What is pension term assurance?+
Pension term assurance (PTA) is a life-cover policy approved by Revenue under section 785 TCA 1997, written within the RAC regime. Premiums qualify for income-tax relief at the policyholder's marginal rate — typically 40% for higher-rate taxpayers.
Who qualifies for pension term assurance in Ireland?+
PTA is available to self-employed individuals and PAYE employees whose income is non-pensionable — meaning they are not active members of an employer-sponsored occupational pension scheme. Eligibility must be confirmed with a qualified financial adviser.
Does PTA affect my pension contribution limit?+
Yes. PTA premiums count against the age-related Revenue contribution limits that apply to RAC and PRSA contributions. The combined total of all pension contributions — including PTA premiums — must not exceed the relevant age-band limit.
What is the age 75 ceiling for PTA?+
Revenue rules require that a PTA policy must expire no later than age 75. A 50-year-old can take a maximum 25-year PTA term; a 60-year-old a maximum 15-year term. For protection beyond age 75, ordinary term assurance is required.
Can PTA be assigned to a mortgage lender?+
No. Because PTA is written within the RAC regime, Revenue restrictions prevent assignment to a third-party lender as mortgage security. Ordinary mortgage protection or decreasing term assurance must be used for lender assignment.
What happens if I join a company pension scheme after taking out PTA?+
If you join an employer pension scheme and your income becomes pensionable, you will generally lose eligibility for tax relief on PTA premiums going forward. The policy can usually remain in force but premiums will no longer qualify for tax relief.
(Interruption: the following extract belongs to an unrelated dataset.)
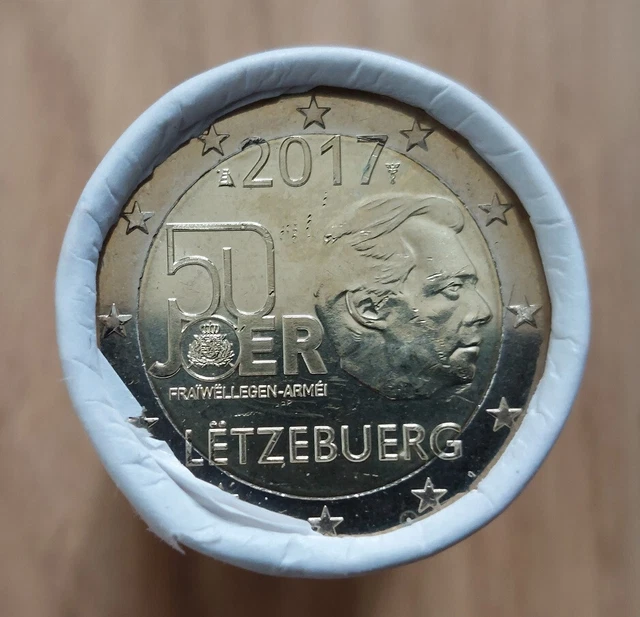 2 euro 1 roll Luxembourg Luxemburg 2017 Luxembourg army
Review the position with a qualified adviser if your employment circumstances change.
DM

Donal Milmo-Penny

QFA FLIA · Research Lead, mylife.ie · SMP Financial Ltd

20+

years in protection planning

QFA FLIA

professional qualifications

PIBA Chair

former President, PIBA

Donal is a founding partner of SMP Financial with over 20 years' experience advising Irish individuals, families and business owners on life assurance and protection planning. He has served as President of PIBA, Director of Brokers Ireland, and as a member of Brokers Ireland's Legislation and Compliance Committee.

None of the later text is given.